**Records shown**
■ ■ ■ ■

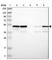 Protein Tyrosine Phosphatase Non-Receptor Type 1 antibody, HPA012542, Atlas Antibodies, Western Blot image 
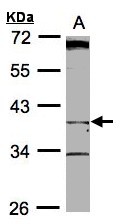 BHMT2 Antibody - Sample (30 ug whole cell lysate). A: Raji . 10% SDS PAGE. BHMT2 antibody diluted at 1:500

■ ■ ■ ■

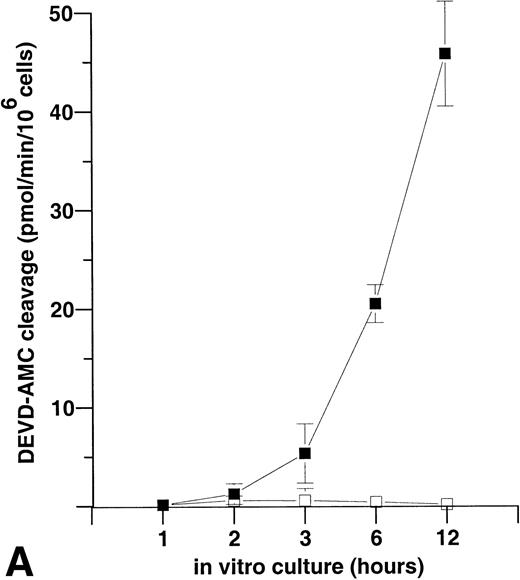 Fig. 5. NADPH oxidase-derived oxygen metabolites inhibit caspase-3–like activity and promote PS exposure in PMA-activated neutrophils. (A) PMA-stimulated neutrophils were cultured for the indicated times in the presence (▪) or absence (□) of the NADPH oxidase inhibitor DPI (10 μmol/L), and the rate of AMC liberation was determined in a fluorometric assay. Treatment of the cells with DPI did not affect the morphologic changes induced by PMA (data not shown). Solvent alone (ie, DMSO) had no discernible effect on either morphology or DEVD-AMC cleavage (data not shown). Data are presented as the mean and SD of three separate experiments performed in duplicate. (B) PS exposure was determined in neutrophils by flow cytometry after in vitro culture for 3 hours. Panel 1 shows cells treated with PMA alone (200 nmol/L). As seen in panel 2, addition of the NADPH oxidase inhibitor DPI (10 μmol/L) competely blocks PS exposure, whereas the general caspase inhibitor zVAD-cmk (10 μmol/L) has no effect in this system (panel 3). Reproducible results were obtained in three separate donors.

■ ■ ■ ■

**Instructions for the task**
Return the lines above from the one with "Protein Tyrosine Phosphatase" through the one with "BHMT2 Antibody - Sample", verbatim and nothing else. Omit every picture.

**Response**
 Protein Tyrosine Phosphatase Non-Receptor Type 1 antibody, HPA012542, Atlas Antibodies, Western Blot image 
 BHMT2 Antibody - Sample (30 ug whole cell lysate). A: Raji . 10% SDS PAGE. BHMT2 antibody diluted at 1:500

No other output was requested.